Nella prefazione alla Persuasione e la rettorica di Carlo Michelstaedter si legge «io lo so che parlo perchè parlo ma che non persuaderò nessuno […] o in altre parole “è pur necessario che se uno ha addentato una perfida sorba la risputi"», che dice, implica, la volontà di una resistenza umanistica, di un parlare produttivo, persuasivo, in tempi di Rettorica propagante, prevaricante (certo, la retorica, la sorba risaputa del mondo volgare, ottuso, privo di dialettica, ma non per questo non veritiera e pressante e denunciabile) e riguarda ovviamente anche quello che si può e si deve dire a proposito delle opere, delle immagini (e che oggi si fa con sempre maggiore violenza, senza argomenti, anzi con il gusto, il compiacimento di non averne, di dileggiare opere e autori, in estasi da followers), visto che sto qui proprio per dire delle immagini di D'Anolfi e Parenti.

Cioè autori in cui è così chiaro e naturale il portato etico, comunitario, ma mai sfacciato, spacciato con senso di superiorità, bensì incarnato allo svolgersi, al dispiegarsi delle cose e delle immagini dentro la flagranza dell’evento: quella fiducia nel discorso ancora più essenziale oggi soprattutto nell’Italia degli slogan e degli atti razzisti, classisti, sessisti, a cui del resto una sinistra residuale non sa che rispondere con una parodia d’accatto, tutta una pantomima di freddure e pruderie che si realizza nella penombra di una stanza, all’insegna di monitor e tastiera.

In effetti in Blu, cortometraggio presentato a "Orizzonti" dell'ultima Mostra di Venezia, spicca la serietà, il progressismo dell’assunto - che implica sempre la progressione immaginale (scorrendo sulle rotaie, conquistando spazio alla roccia) -, appunto un umanesimo coriaceo, che ovviamente era già dei film precedenti dei due registi: ancora la materia refrattaria, misteriosamente pervicace, colta nel modificarsi in rapporto al lavoro umano; una simbiosi miracolosamente riproducibile al tempo della massima dissipazione ambientale, che è il contesto privilegiato del loro ultimo cinema, anche al di là della denuncia, del resto indimenticabile, furente e fulgida, di una cosa come Materia oscura.

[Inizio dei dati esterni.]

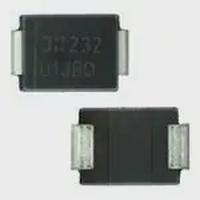 MURS160Q-13-F
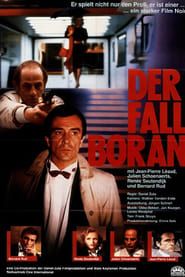 Boran - Zeit zum Zielen (1987)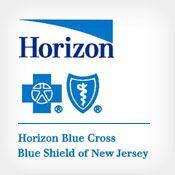 Horizon Blue Logo - Unencrypted Laptops Lead To Mega Breach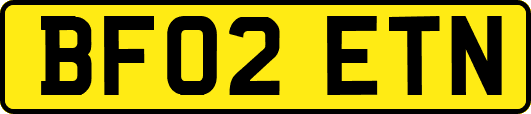 BF02ETN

Ora il corrispettivo figurale di questo umanesimo è la minuziosa finitudine dei luoghi di lavoro, anche, volendo, la loro natura di riparo, sotto i neon sopiti quand'è ancora notte, e tra gli altri elmi e le altre tute alle prese con la grande opera della metro: l’intrico di tubi, turbine, bracci meccanici, di superfici, angoli oliati, macchiati di grasso, sibili vari, spie intermittenti, che però sfugge alla sintesi del visto, come dire, per eccesso di connotazione, di definizione del caos. C’è, come in tutti i lavori di D’Anolfi e Parenti, un’allusione teorica implicita alla disposizione delle cose, alla loro tensione a corrispondersi nello spazio e nel tempo: come l’impossibilità di cogliere e sintetizzare il quadro, cioè l’irriducibilità brulicante della realtà, il suo costante, progressivo lavorio per la definizione di un’immagine via via progressista.